MNIST for ML Beginners: The Bayesian Way

Eliezer · on June 14, 2017

Never use predicting stock prices as an example of anything. Pick literally anything other than stock prices to display confidence bounds. This helpful example diagram violates the EMH even worse by showing a large predictable directional change. You might as well illustrate physics with a chart of bowling balls falling upward.

kmangutov · on June 14, 2017

Could you elaborate why predicting stock prices is an invalid example?

fnbr · on June 14, 2017

It's almost impossible, for two reasons:

1) It's incredibly difficult to create strategies that work because there are thousands of highly trained, highly paid people working to create strategies.

2) Any strategy that you do create will self-correct over time and become useless, as strategies find examples where the market has misjudged prices; by exploiting the strategy, the market should, over time, stop misjudging the prices.
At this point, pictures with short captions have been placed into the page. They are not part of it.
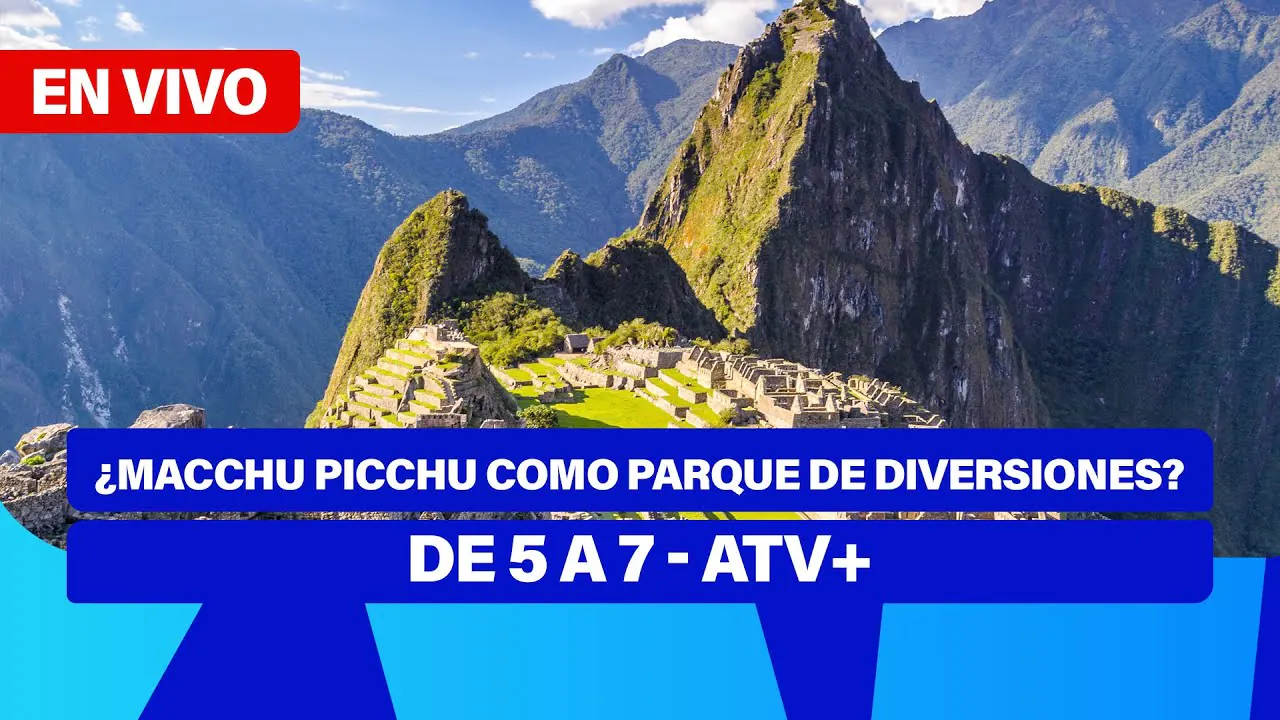Reproducir: De 5 a 7 🎧✨ | ¡PARTICIPA CON NOSOTROS Y SÉ PARTE DEL PROGRAMA! - ATV+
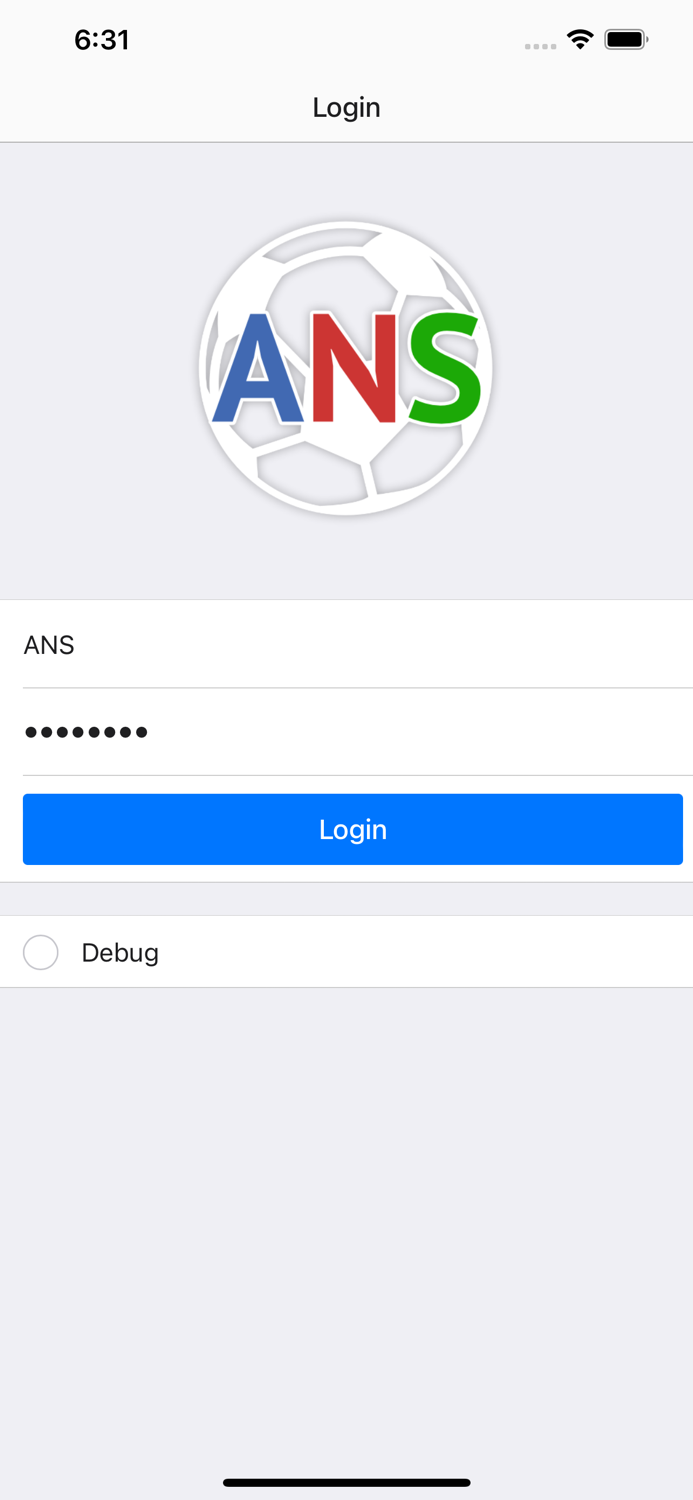 Voetbal Score Bord Control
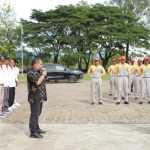 Pj Muhammad Iswanto semangati tim Paskibra Aceh Besar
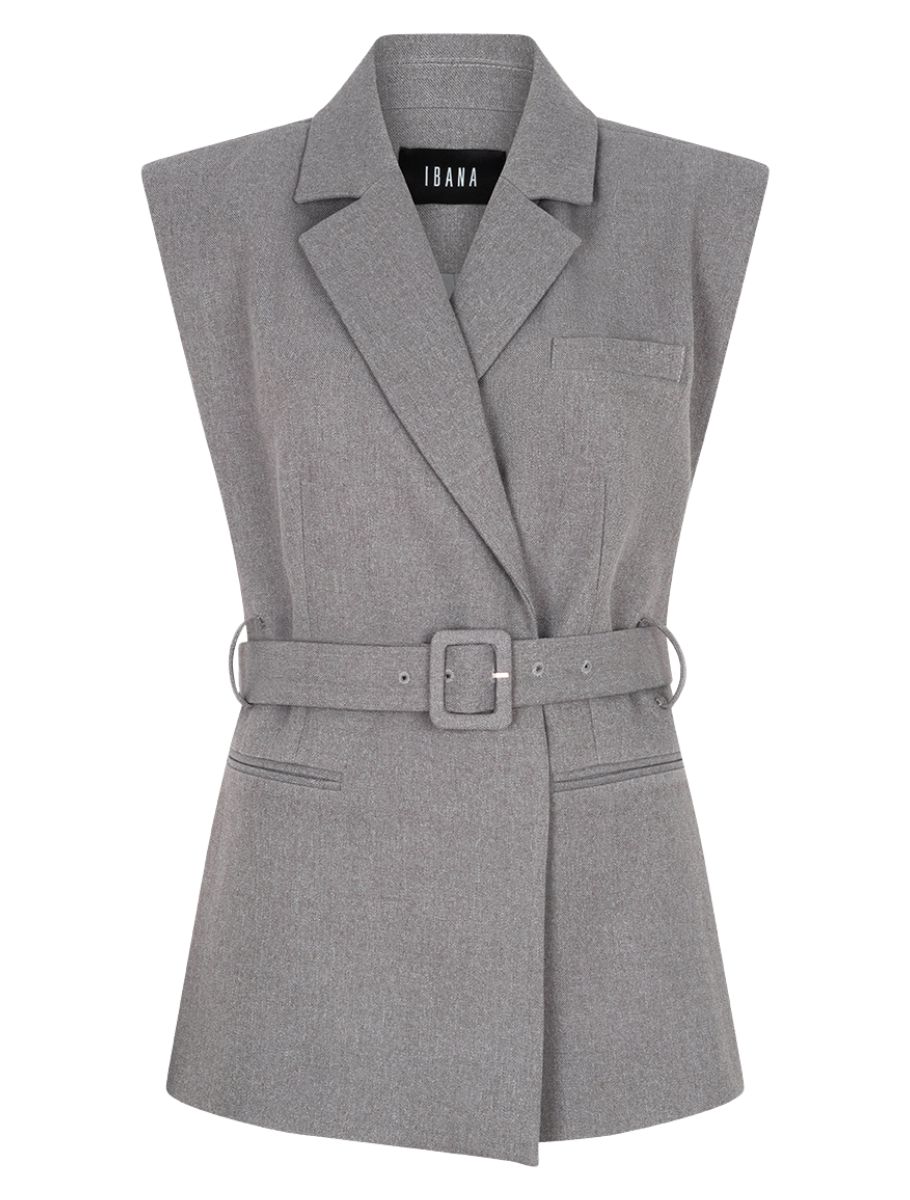 Ibana - Jany Light Grey - Dames - Jassen en Jacks - 51609_99_1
The "EMH" that the parent is referring to is the Efficient Market Hypothesis, which states that the market price is the "correct" price, and that it is impossible to predict a better price, as the current price incorporates all possible information.

I, personally, don't subscribe to that version of the EMH; I believe the one implied by 1), which is that it's difficult to compete with the thousands of math PhDs working on Wall Street.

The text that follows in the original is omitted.